#### Work order:
Taking the line that contains "Ik heb Keys" as the start and the last line of the data as the end, repeat exactly every line in that span, but no pictures.

[Start of section]

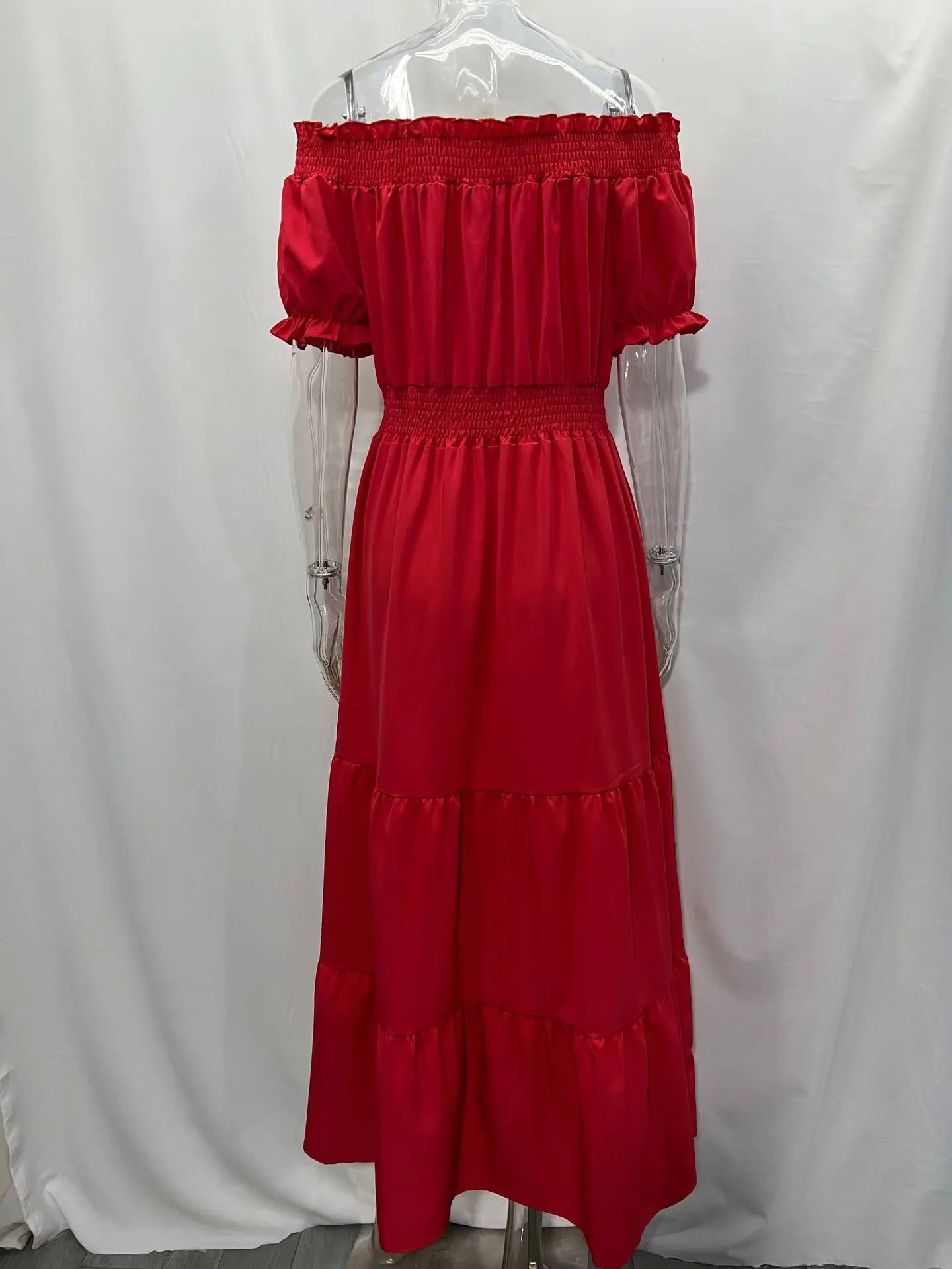 Summer Sexy Off Shoulder Slash Neck Ruffle Beach Party Dress Elegant Women Fashion Red Lace-up Pleated Holiday Long Dresses Robe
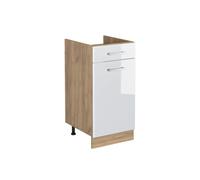 Vicco Mueble bajo de cocina "R-Line", Blanco alto brillo/Roble dorado 40 cm | 1 Cajón · Sin encimera · Patas regulables en altura · 1 Puerta · ✓ Libremente combinable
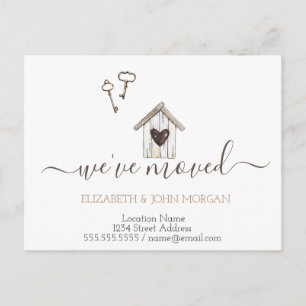 Ik heb Keys Wood House New Address verplaatst Aankondigingskaart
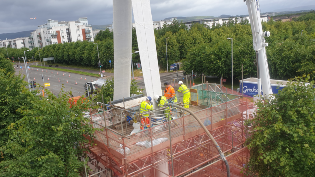 The liner is drawn through the existing pipe through an access pit King's Inch Road Sewer Upgrade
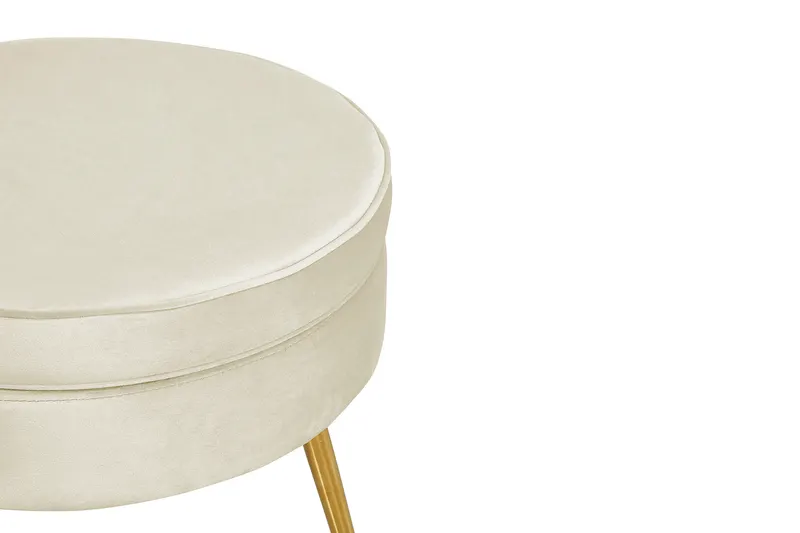 Sitzpouf rund aus Samt Beige, Ansicht 3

[End of section]

#### Your response:
 Ik heb Keys Wood House New Address verplaatst Aankondigingskaart
 The liner is drawn through the existing pipe through an access pit King's Inch Road Sewer Upgrade
 Sitzpouf rund aus Samt Beige, Ansicht 3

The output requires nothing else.